Yassin, a U.S. Air Force veteran who had experience organizing after disasters, visited local businesses with AlSaad to see if they could leverage the cash donations into as much food as possible. Smith’s Foods offered the group a substantial discount, he said.
“We were able to buy 40 cases of canned food, diapers and cleaning supplies, which were all things they needed,” Yassin said.
In the end, volunteers from the Office of International Programs and the MSA loaded the items into Yassin’s truck and another trailer. Yassin, AlSaad and Pancasatya “Tiok”Agastra, a graduate student in engineering from Indonesia, delivered the goods to Good Luck.
“The effort to organize and getting the donated items here to Crow Country was greatly appreciated by these students from MSU,” Good Luck said. “People like these gentlemen have greatly touched the hearts of the people. I told them that they have friends here in Crow Country, and are welcome to come back and visit.”

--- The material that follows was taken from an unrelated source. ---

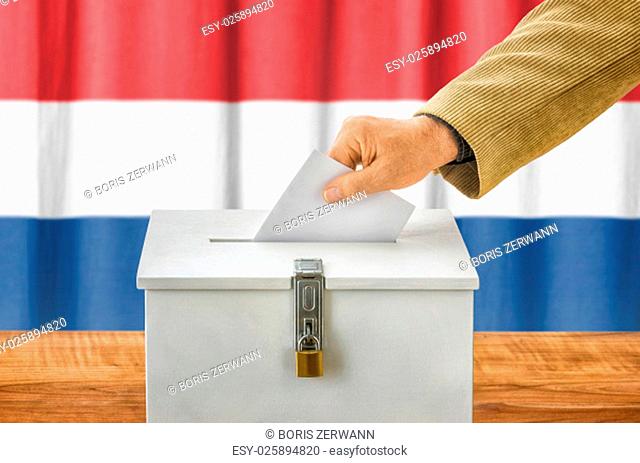 man putting ballot in ballot box - netherlands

All three students said that the trip to Crow Agency and meeting Good Luck was moving, but it was particularly so for AlSaad, who had seen little of Montana previously.

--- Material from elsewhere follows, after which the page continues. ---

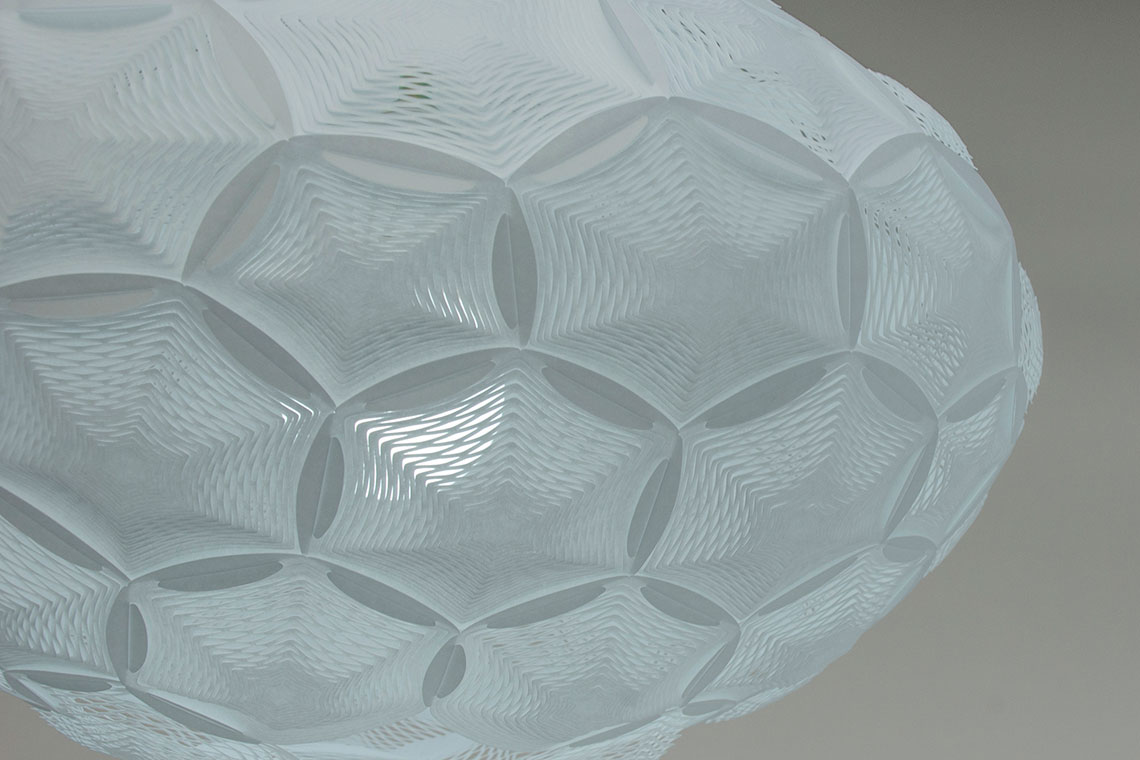 Airy Medium Pendant Lampshade zoom-in detail of perforated rice paper hexagon and pentagon interconnected panels designed by 24d-studio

“We are here to say that we have one voice, one world,” said AlSaad, who added that the donation drive was rooted in wanting to help fellow Montanans, but that he also hoped people would see that helping others is what the Muslim faith is about. “God created each other to live with each other and love each other and not kill each other. We live in one world.”
“When we got there we wished we could have done even more,” Yassin said. “In the end, we realized that we might not be able to fix the entire world, but at least we can help our own people.”